NIK: in my previous post i listed they were Lundgrens. Lundgrens are serious output pickups equal to if not better ((for me))) then Actives...they require no batteries and you can do multiple wireing settings for each pickup because you can get em' made with more leads.but i must tell you they wiegh the same as three Dimarzios they are made of serious magnet materials. Sikth are killer the most odd ball time signatures around they are tight !!! But in a world where guitar players seek out new and indefferent tones they can be found with Lundgrens..The M-Models rule:

www.myspace.com/sikth


----------



## metalfiend666 (Oct 14, 2005)

Oh yeah, Sikth are WAY out there. On the occasions I've seen them they've always been tighter than tight, and even the bass player was all over the neck. I've never seen a band like them. I'm not really a fan of their music, but it's a truly amazing experience to watch them play. Technicality on a whole new level.


----------



## Jerich (Oct 14, 2005)

Just saying what you said will get peoples interest in looking into them..That Alone is Killer thanks for the honesty.  


www.myspace.com/sikth


----------



## ilovegeetars (Oct 14, 2005)

Chris said:


> The seven is sex as well.
> 
> 
> 
> ...




I wish I could have that geetar between my legs


----------



## metalfiend666 (Oct 14, 2005)

Jerich said:


> Just saying what you said will get peoples interest in looking into them..That Alone is Killer thanks for the honesty.

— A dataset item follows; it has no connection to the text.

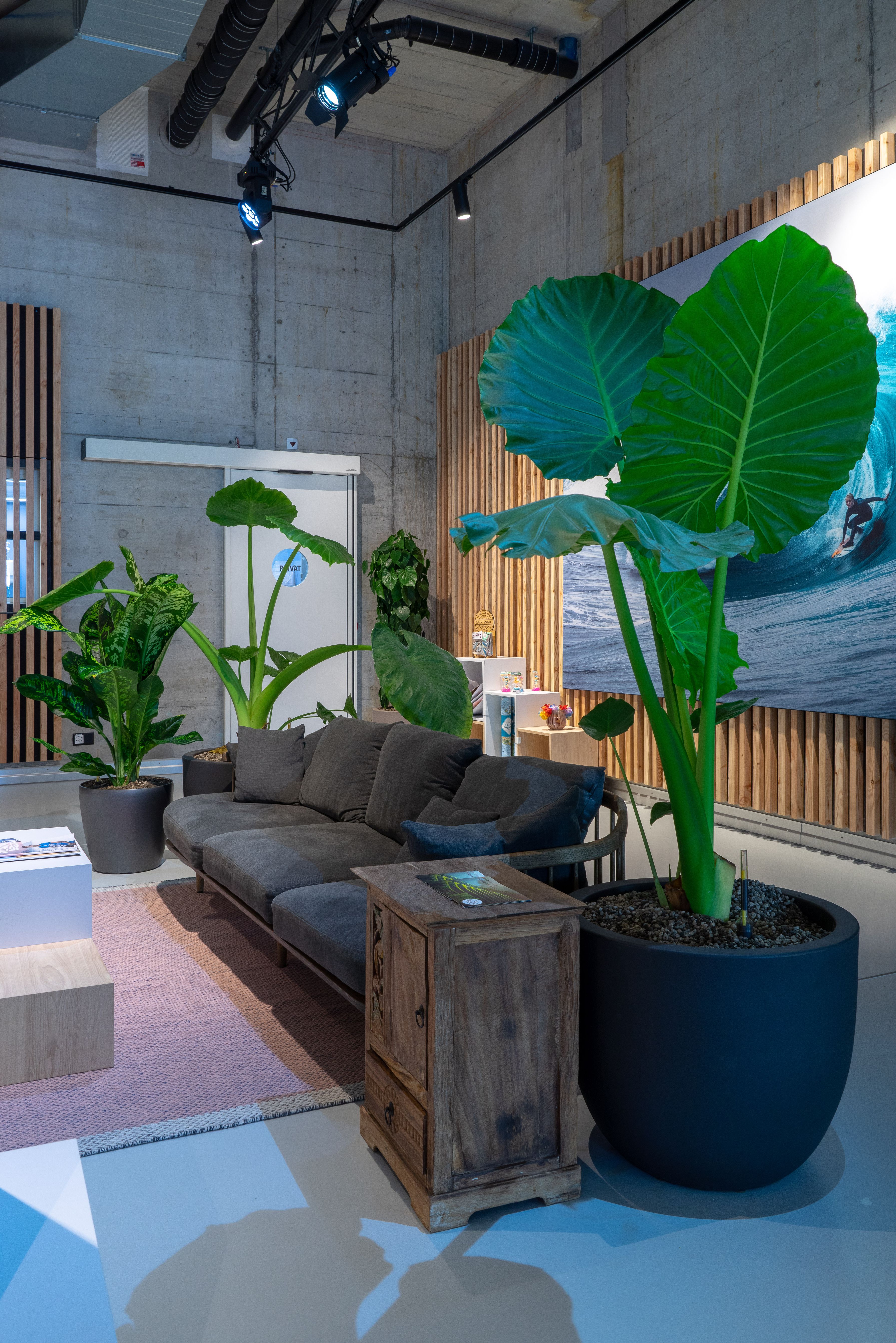 Bilder Widler Gartenbau + Floristik AG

I may not like their music, but I have enormous respect for them as musicians. You have to respect talent like that. Actually, the last time I saw them play they did some songs from the new reccord which were more to my taste. I'll probably give it a try. I may yet become a fan!


----------



## Naren (Oct 14, 2005)

Wow, that 8-string looks awesome. Like many people have said, that's the first 8-string I've ever seen that doesn't look completely screwed up (someone said "down syndrome", which I think is an interesting comparison for most 8's).


----------



## Karl Hungus (Oct 20, 2005)

I sent an email to Doug last night to see how much one of those 8 strings would set me back, and he replied damn quick, it would cost £1900. *Bam* fork in the eye. That is a lotta lotta moneys.


----------



## Chris (Oct 20, 2005)

*drools*


----------



## Karl Hungus (Oct 20, 2005)

Stop tempting me!

Christ, I want one...


----------



## Shawn (Oct 20, 2005)

Chris said:


> *drools*


+1. I kinda like that headstock. It's sharp looking.  Nice!


----------



## Chris (Oct 20, 2005)

Pricing on the 7:



> Hi,
> 
> B7 is 1700GBP, all ebony, choose your pickups and hardware colour.
> 
> ...


----------



## Karl Hungus (Oct 20, 2005)

Man, I think those Blackmachines are really bordering on overpriced. That said, they're probably one of the only guitars I could justify springing that much money for, if I had it.


----------



## eaeolian (Oct 20, 2005)

Chris said:


> Pricing on the 7:



Yeowch. So much for that idea. My wife wants to kill me for the Jackson as it is...and I've had it for three years.


----------



## iumentum (Oct 22, 2005)

Karl Hungus said:


> Man, I think those Blackmachines are really bordering on overpriced. That said, they're probably one of the only guitars I could justify springing that much money for, if I had it.



I actually think they are quite reasonably priced. Have you ever checked the price on a Ruokangas or a Nik Huber? (not 7-string tough...)


----------



## Karl Hungus (Oct 22, 2005)

iumentum said:


> I actually think they are quite reasonably priced. Have you ever checked the price on a Ruokangas or a Nik Huber? (not 7-string tough...)



No, I can't say I have.


----------



## iumentum (Oct 25, 2005)

Karl Hungus said:


> No, I can't say I have.



A Ruokangas or a Huber (or a Tyler or Suhr) can easily cost you 4000 EURO and upwards. The sky is the limit... You get what you pay for tough.


----------



## metalfiend666 (Oct 25, 2005)

Karl Hungus said:


> Man, I think those Blackmachines are really bordering on overpriced. That said, they're probably one of the only guitars I could justify springing that much money for, if I had it.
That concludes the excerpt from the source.